Kritik an Kürzungsplänen: Bundeszuschüsse für Krankenkassen gefährden Beitragsstabilität
Herlinde JungferKritik an Kürzungsplänen: Bundeszuschüsse für Krankenkassen gefährden Beitragsstabilität
Ein neuer Bericht kritisiert Pläne zur Kürzung der Bundeszuschüsse für die deutschen gesetzlichen Krankenkassen. Die im Auftrag eines Mitglieds des Bundesrechnungshofs erstellte Studie warnt, dass die Einsparungen die Kosten auf die Versicherten abwälzen könnten.

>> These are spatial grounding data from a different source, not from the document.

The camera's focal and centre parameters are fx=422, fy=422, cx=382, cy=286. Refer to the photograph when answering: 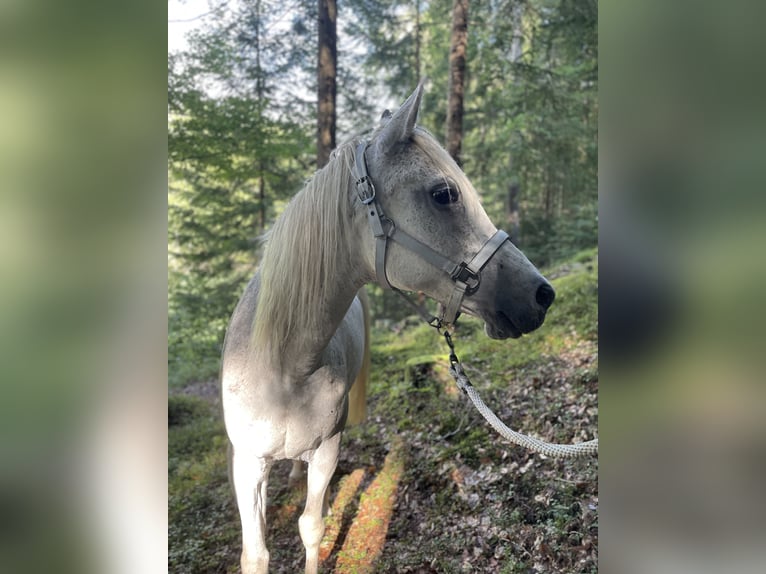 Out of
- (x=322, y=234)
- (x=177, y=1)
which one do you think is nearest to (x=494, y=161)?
(x=177, y=1)

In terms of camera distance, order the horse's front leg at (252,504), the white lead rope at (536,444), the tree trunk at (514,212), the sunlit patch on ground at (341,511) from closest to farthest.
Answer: the white lead rope at (536,444)
the horse's front leg at (252,504)
the sunlit patch on ground at (341,511)
the tree trunk at (514,212)

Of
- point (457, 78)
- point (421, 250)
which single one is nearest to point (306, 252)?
point (421, 250)

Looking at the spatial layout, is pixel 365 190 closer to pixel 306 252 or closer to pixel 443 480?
pixel 306 252

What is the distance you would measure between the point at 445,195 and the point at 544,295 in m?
0.53

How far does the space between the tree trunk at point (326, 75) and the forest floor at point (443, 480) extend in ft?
9.91

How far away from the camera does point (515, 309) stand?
1569 millimetres

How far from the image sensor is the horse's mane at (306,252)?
1.75 metres

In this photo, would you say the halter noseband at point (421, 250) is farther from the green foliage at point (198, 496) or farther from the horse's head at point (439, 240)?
the green foliage at point (198, 496)

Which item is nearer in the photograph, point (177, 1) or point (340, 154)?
point (340, 154)

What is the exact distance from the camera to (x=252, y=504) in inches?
84.7

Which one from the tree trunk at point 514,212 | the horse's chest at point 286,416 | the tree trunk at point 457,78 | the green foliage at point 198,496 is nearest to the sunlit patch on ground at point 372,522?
the green foliage at point 198,496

Die Ergebnisse wurden erstmals am 8. Juni vom Tagesspiegel veröffentlicht.
Im Fokus der Kritik steht ein Vorhaben, den jährlichen Bundeszuschuss für die Krankenkassen von 14,5 Milliarden Euro auf 12,5 Milliarden Euro ab 2027 zu senken. Bis 2031 würde sich die Gesamtkürzung auf 4,75 Milliarden Euro belaufen. Der Bundesrechnungshof unter Leitung von Präsident Ansgar Heveling (CDU) argumentiert, dass dieser Schritt im Widerspruch zum Regierungsziel stehe, die Beitragssätze stabil zu halten.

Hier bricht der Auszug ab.